I suspect that Clinton/McCain are going to win on the politics of this one. But an analysis by Michael Dobbs of the Washington Post suggests that Obama is right on the substance of the issue.:
Some economists say that a nationwide “gas tax holiday” would have even less impact on gas prices than temporary state moratoriums, such as the one passed by Illinois in 2000. “It’s basic economics,” said Leonard Burman, director of the Tax Policy Center, a non-partisan thinktank. “Gas is always in very short supply during the summer, which is why prices go up. In order to reduce the price, you would have to increase supply, but that is difficult over the short term, because the refineries cannot add capacity.”
According to James Hamilton, professor of the Economics at the University of California-San Diego, said that most of the benefits from a temporary tax moratorium would likely go to producers rather than consumers. He said that states that suspend gas taxes are able to respond to rising demand more efficiently than the country as a whole, because gasoline supplies can be easily moved from one state to another.
“Prices would certainly rise to the market-clearing level,” said Hamilton. “I would expect the price [of gas] to go back to very close to where it was before [the tax cut], in which case consumers would not see any benefit.”

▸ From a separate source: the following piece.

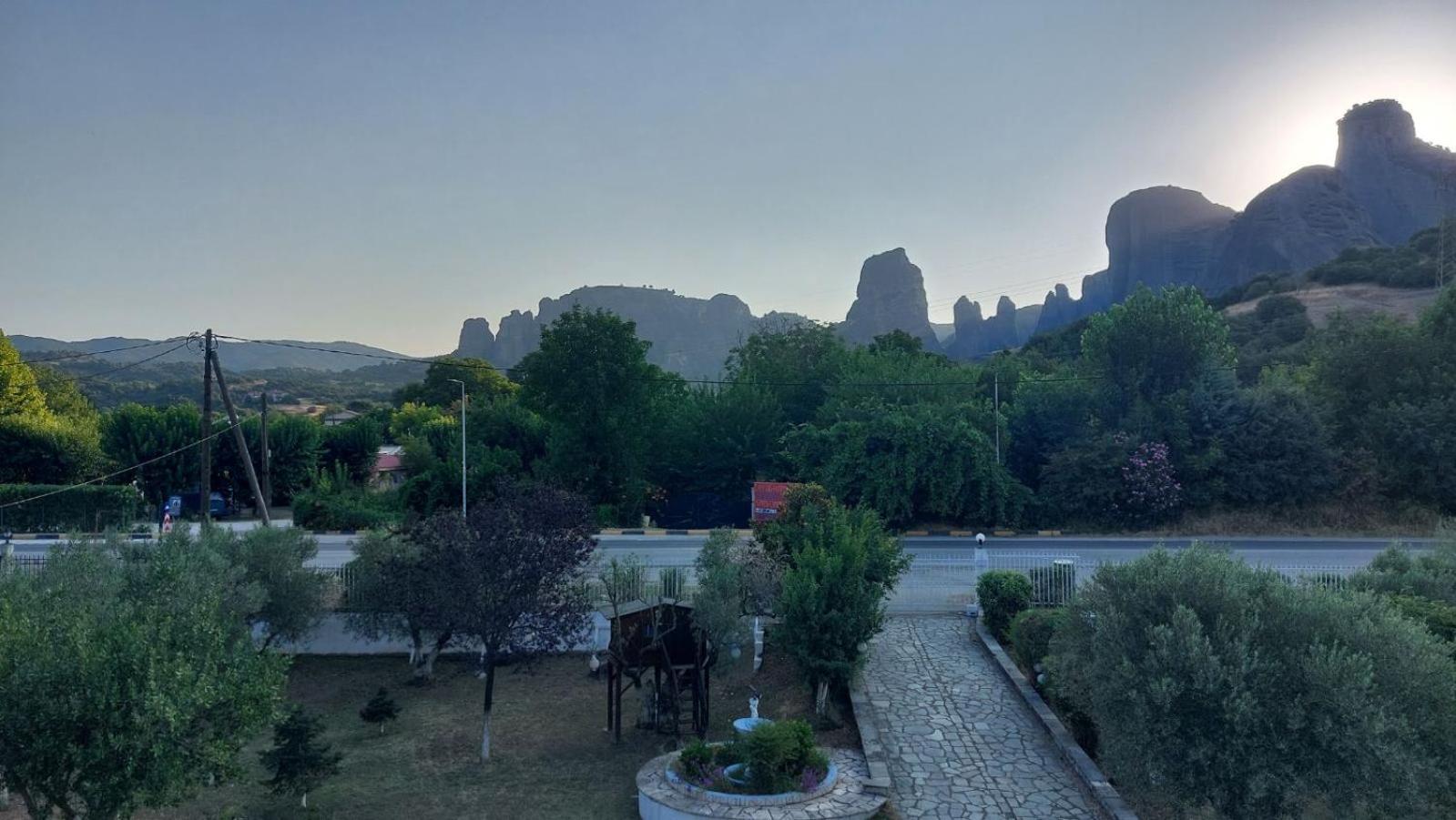 Hostal Pomegranate Tree House - Meteora Kalambaka Exterior foto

Another economist, Jeffrey Perloff, of UC-Berkeley, agreed that a federal tax moratorium would likely have less impact on consumer gas prices than a state moratorium. He said his models showed that a suspension of the 18.4-cent federal tax on gasoline would likely result in a temporary 9 to 12 cent reduction in the cost of a gallon of gas to the consumer and a 6 to 9 cent reduction in wholesale prices.